Caption-style text data
○ ○ ○ ○ ○ ○ ○

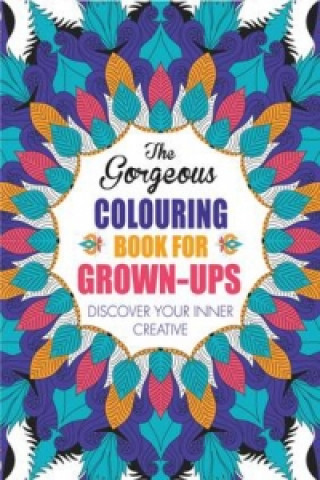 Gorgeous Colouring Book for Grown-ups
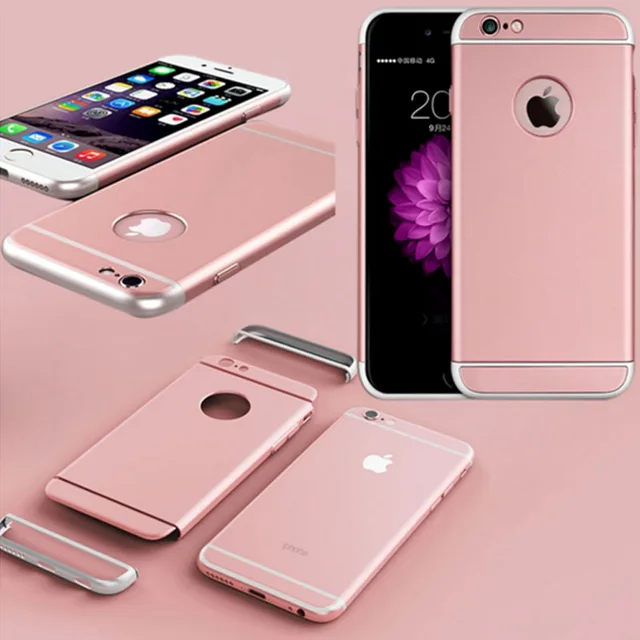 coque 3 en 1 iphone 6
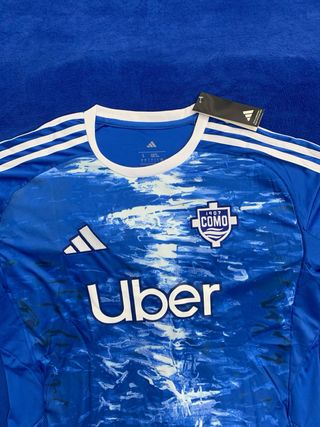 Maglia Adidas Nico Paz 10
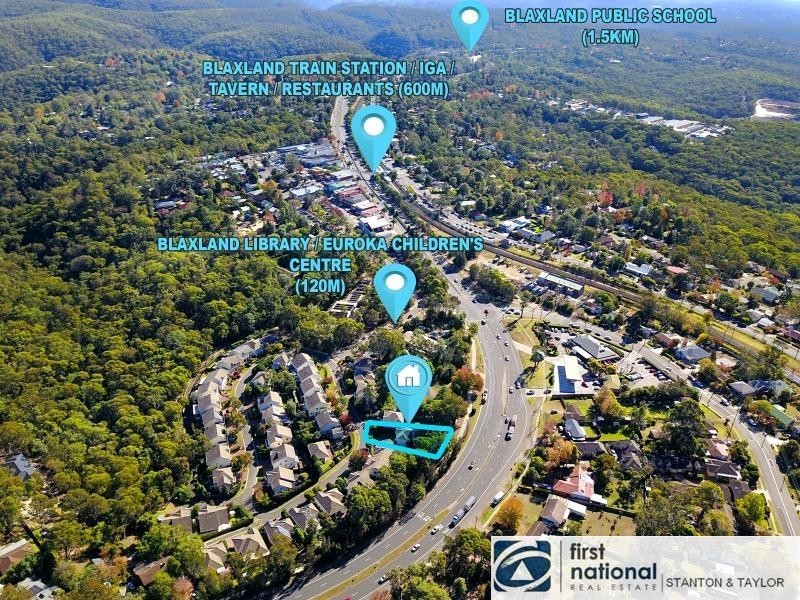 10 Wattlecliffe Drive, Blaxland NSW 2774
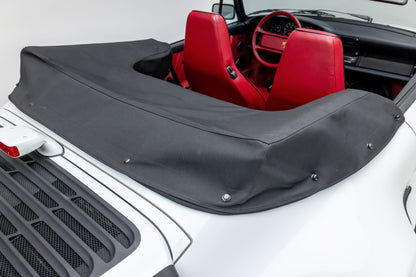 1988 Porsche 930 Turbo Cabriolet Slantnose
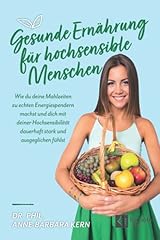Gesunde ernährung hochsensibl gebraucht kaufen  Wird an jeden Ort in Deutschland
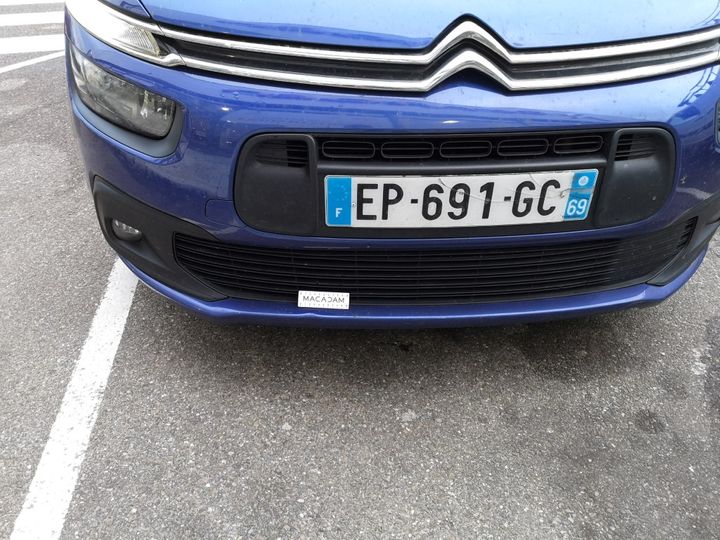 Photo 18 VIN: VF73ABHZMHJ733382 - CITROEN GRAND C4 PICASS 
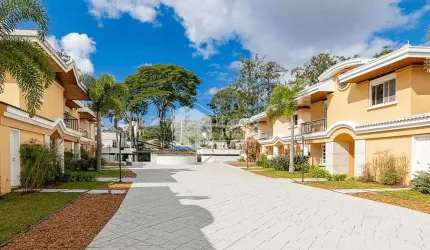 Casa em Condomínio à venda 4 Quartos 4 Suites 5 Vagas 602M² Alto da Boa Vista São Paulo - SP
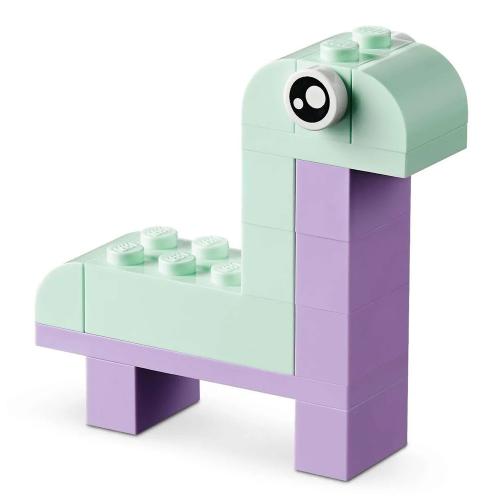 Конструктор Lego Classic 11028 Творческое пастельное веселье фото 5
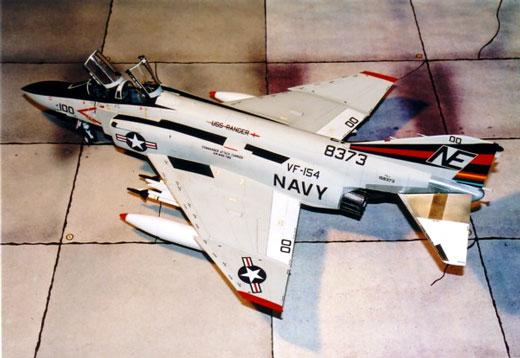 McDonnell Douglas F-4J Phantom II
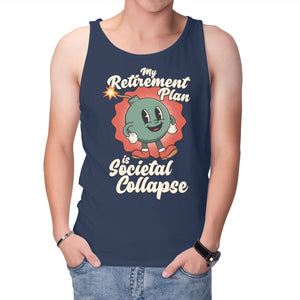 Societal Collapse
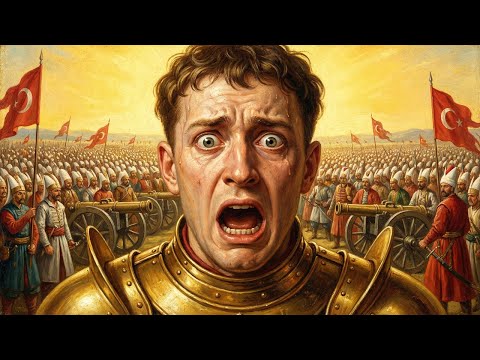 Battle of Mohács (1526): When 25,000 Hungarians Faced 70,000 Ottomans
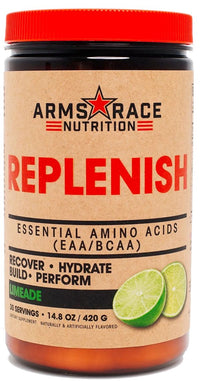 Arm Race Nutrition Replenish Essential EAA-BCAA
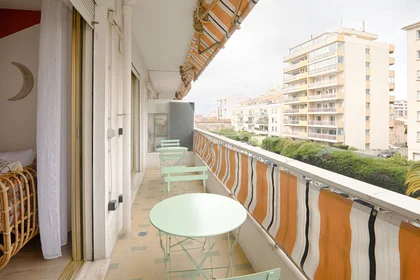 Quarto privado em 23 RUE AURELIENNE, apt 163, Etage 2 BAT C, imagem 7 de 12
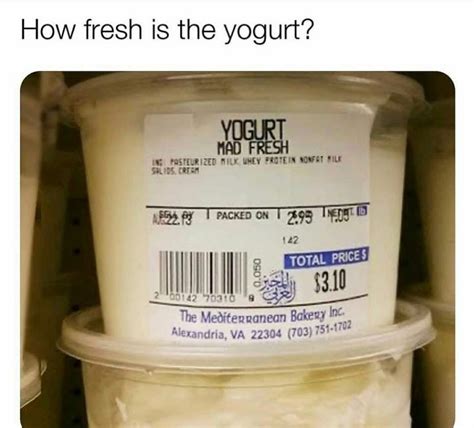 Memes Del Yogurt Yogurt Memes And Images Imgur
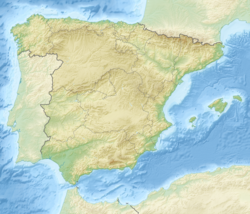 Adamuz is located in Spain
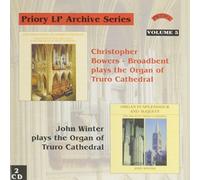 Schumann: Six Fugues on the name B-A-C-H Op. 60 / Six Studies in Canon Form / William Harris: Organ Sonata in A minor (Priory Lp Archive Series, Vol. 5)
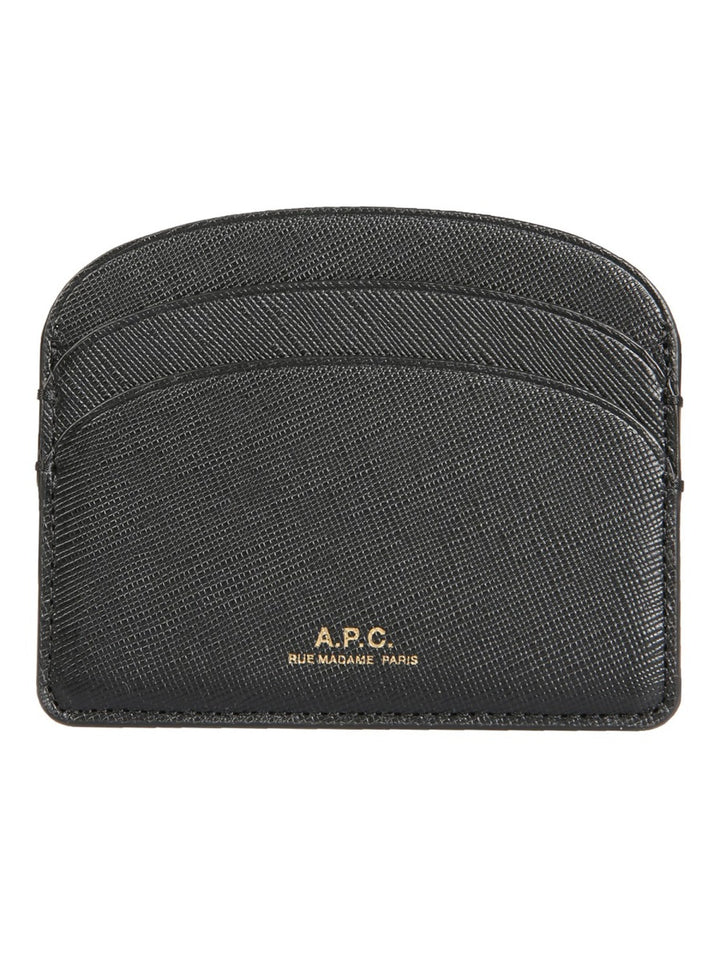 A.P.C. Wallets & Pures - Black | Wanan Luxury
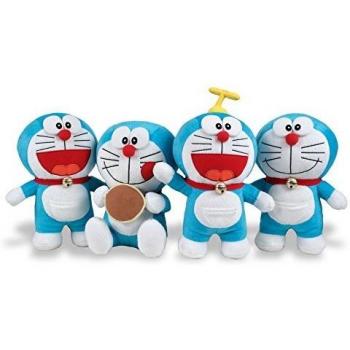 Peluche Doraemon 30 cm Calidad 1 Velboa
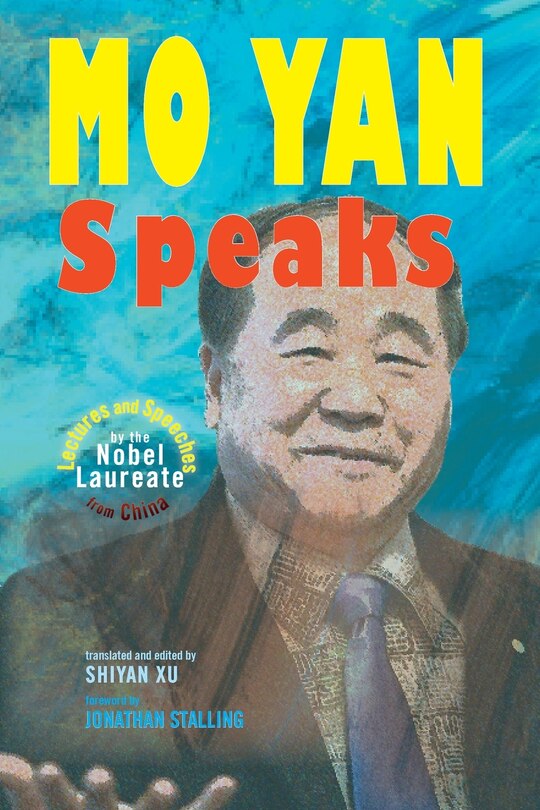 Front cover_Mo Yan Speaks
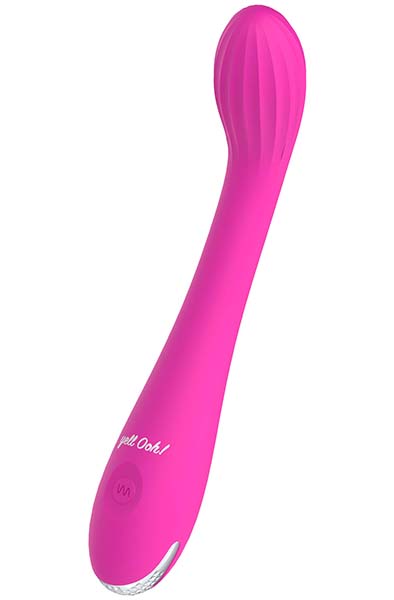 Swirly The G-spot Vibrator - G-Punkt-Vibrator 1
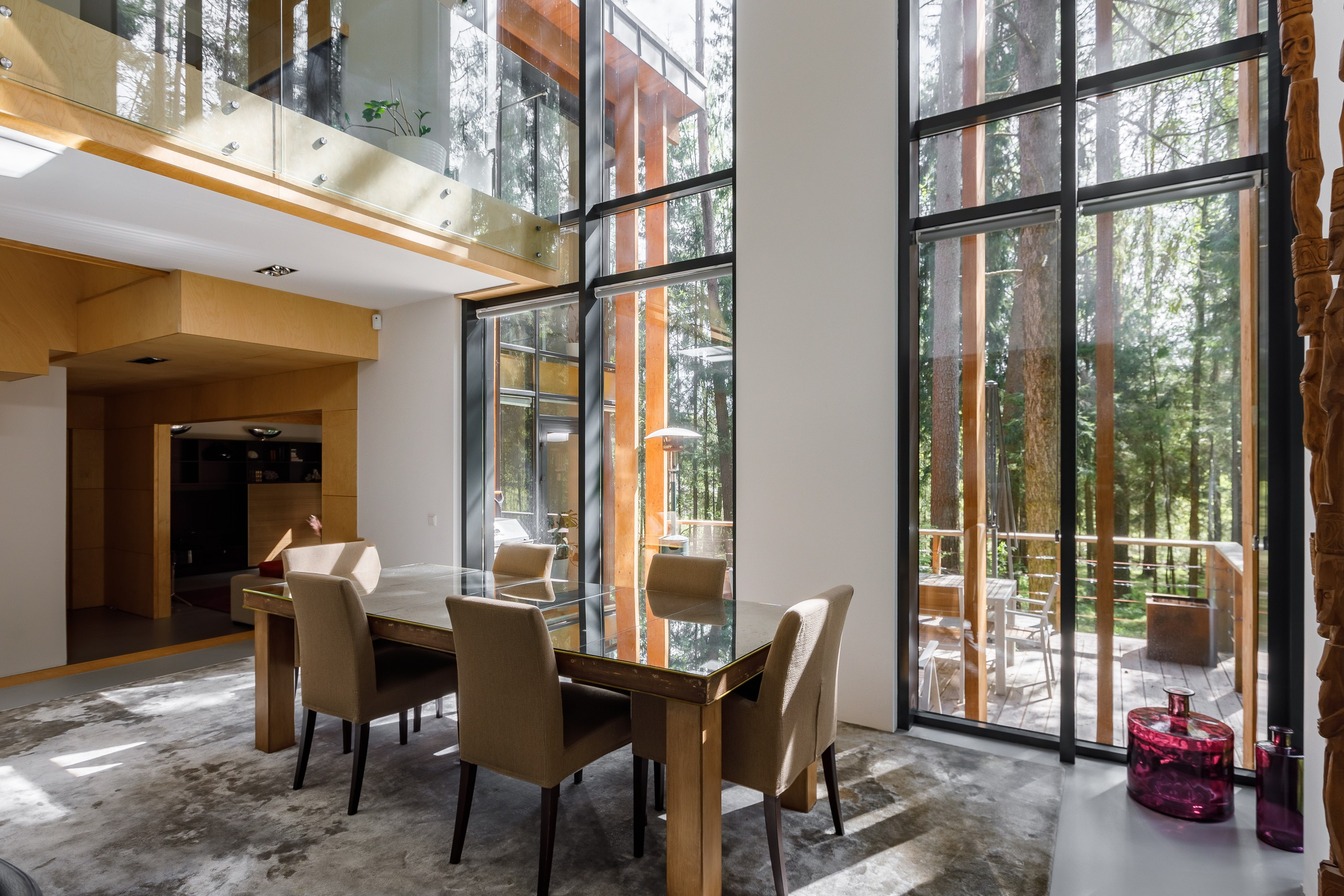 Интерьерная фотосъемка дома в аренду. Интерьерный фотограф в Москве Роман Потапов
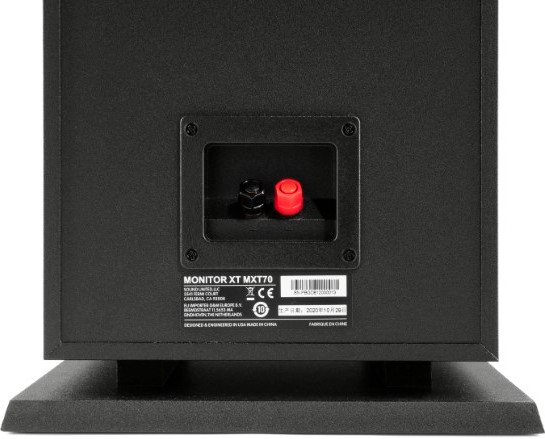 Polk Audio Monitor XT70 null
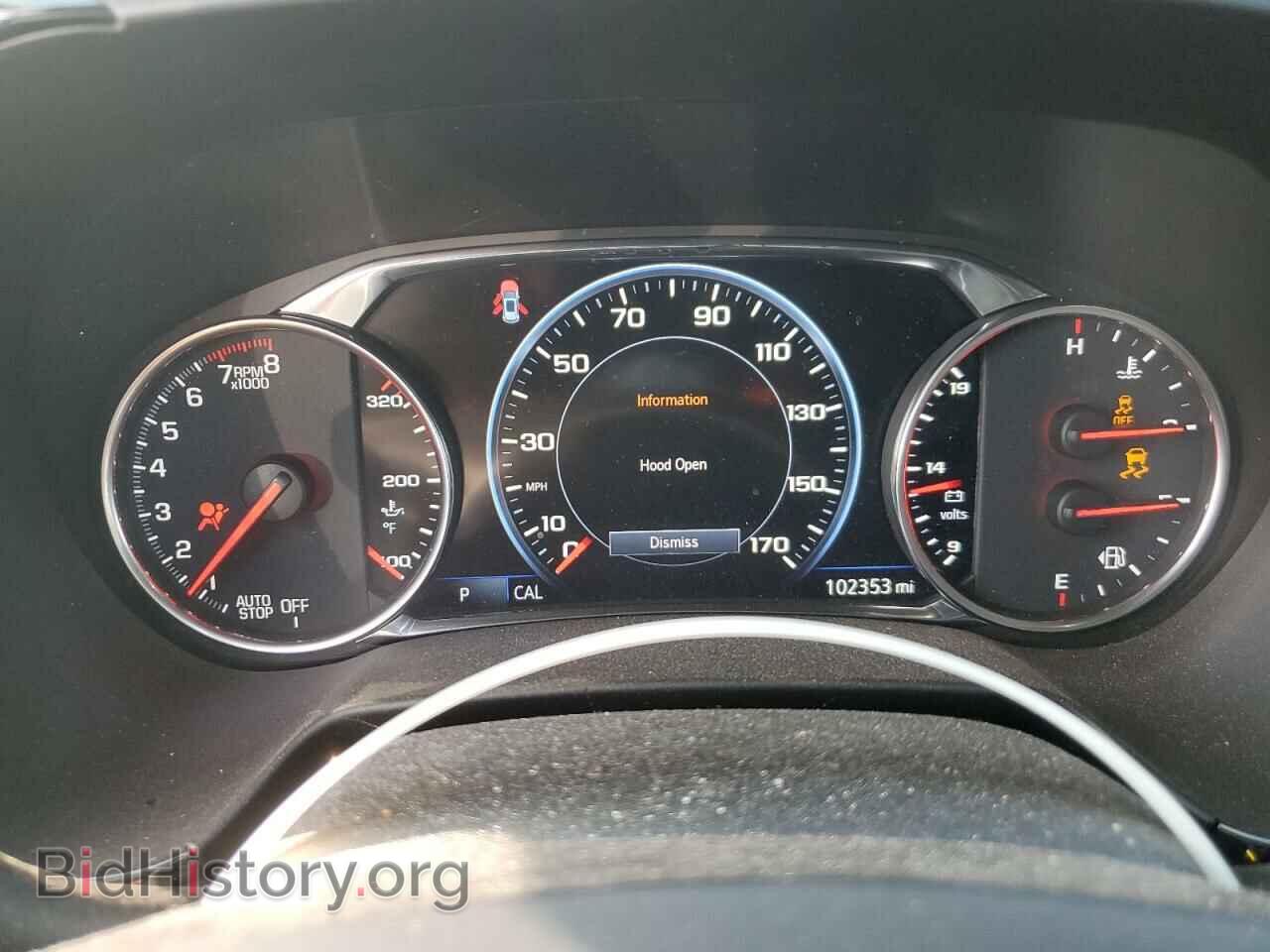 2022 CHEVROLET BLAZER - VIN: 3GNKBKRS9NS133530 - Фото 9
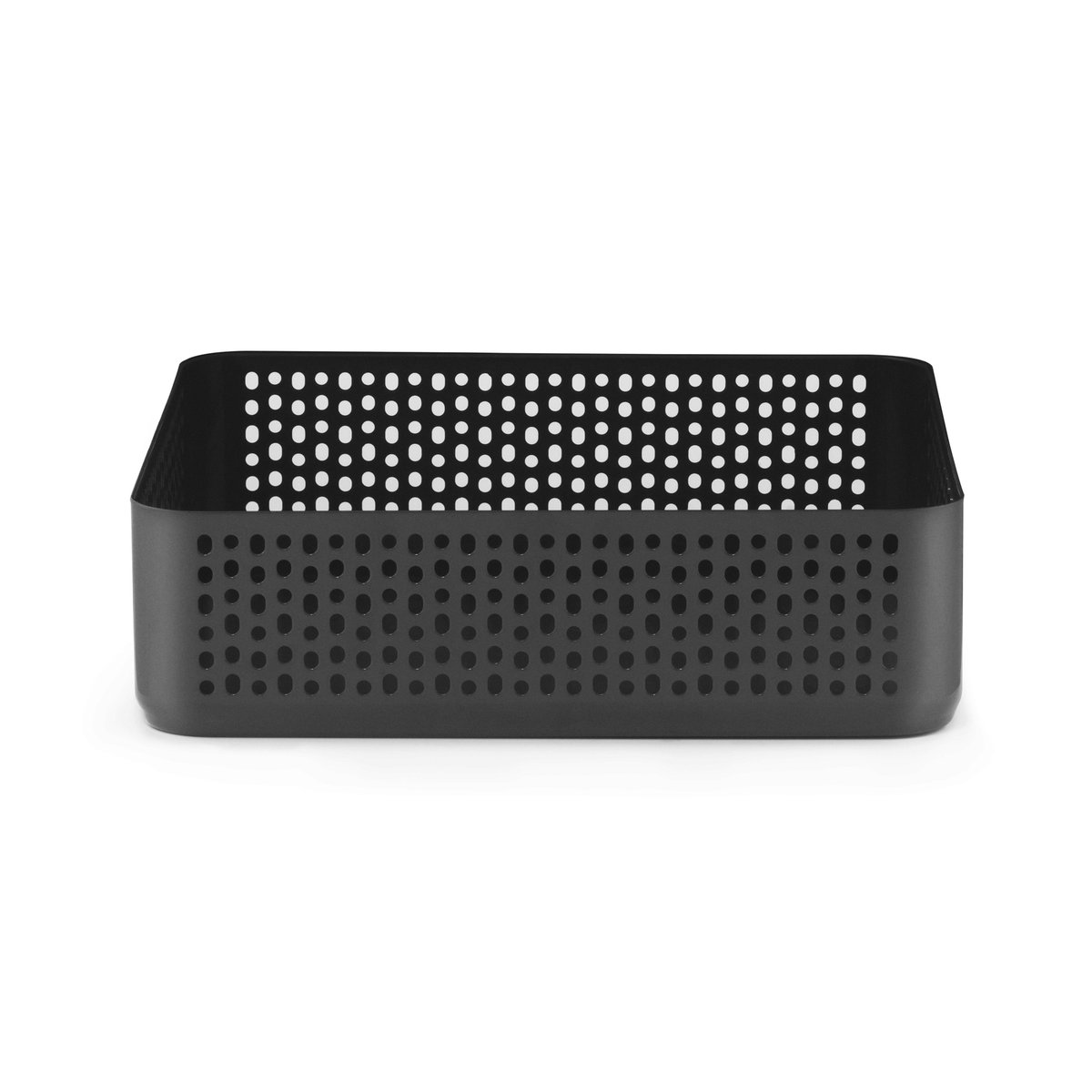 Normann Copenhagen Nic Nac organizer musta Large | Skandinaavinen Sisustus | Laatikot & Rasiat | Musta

○ ○ ○ ○ ○ ○ ○

▸ **The task**:
Could you repeat exactly the lines from the one containing "Casa em Condomínio" through the last line of the records, both included, without the pictures?

▸ **Answer box**:
 Casa em Condomínio à venda 4 Quartos 4 Suites 5 Vagas 602M² Alto da Boa Vista São Paulo - SP
 Конструктор Lego Classic 11028 Творческое пастельное веселье фото 5
 McDonnell Douglas F-4J Phantom II
 Societal Collapse
 Battle of Mohács (1526): When 25,000 Hungarians Faced 70,000 Ottomans
 Arm Race Nutrition Replenish Essential EAA-BCAA
 Quarto privado em 23 RUE AURELIENNE, apt 163, Etage 2 BAT C, imagem 7 de 12
 Memes Del Yogurt Yogurt Memes And Images Imgur
 Adamuz is located in Spain
 Schumann: Six Fugues on the name B-A-C-H Op. 60 / Six Studies in Canon Form / William Harris: Organ Sonata in A minor (Priory Lp Archive Series, Vol. 5)
 A.P.C. Wallets & Pures - Black | Wanan Luxury
 Peluche Doraemon 30 cm Calidad 1 Velboa
 Front cover_Mo Yan Speaks
 Swirly The G-spot Vibrator - G-Punkt-Vibrator 1
 Интерьерная фотосъемка дома в аренду. Интерьерный фотограф в Москве Роман Потапов
 Polk Audio Monitor XT70 null
 2022 CHEVROLET BLAZER - VIN: 3GNKBKRS9NS133530 - Фото 9
 Normann Copenhagen Nic Nac organizer musta Large | Skandinaavinen Sisustus | Laatikot & Rasiat | Musta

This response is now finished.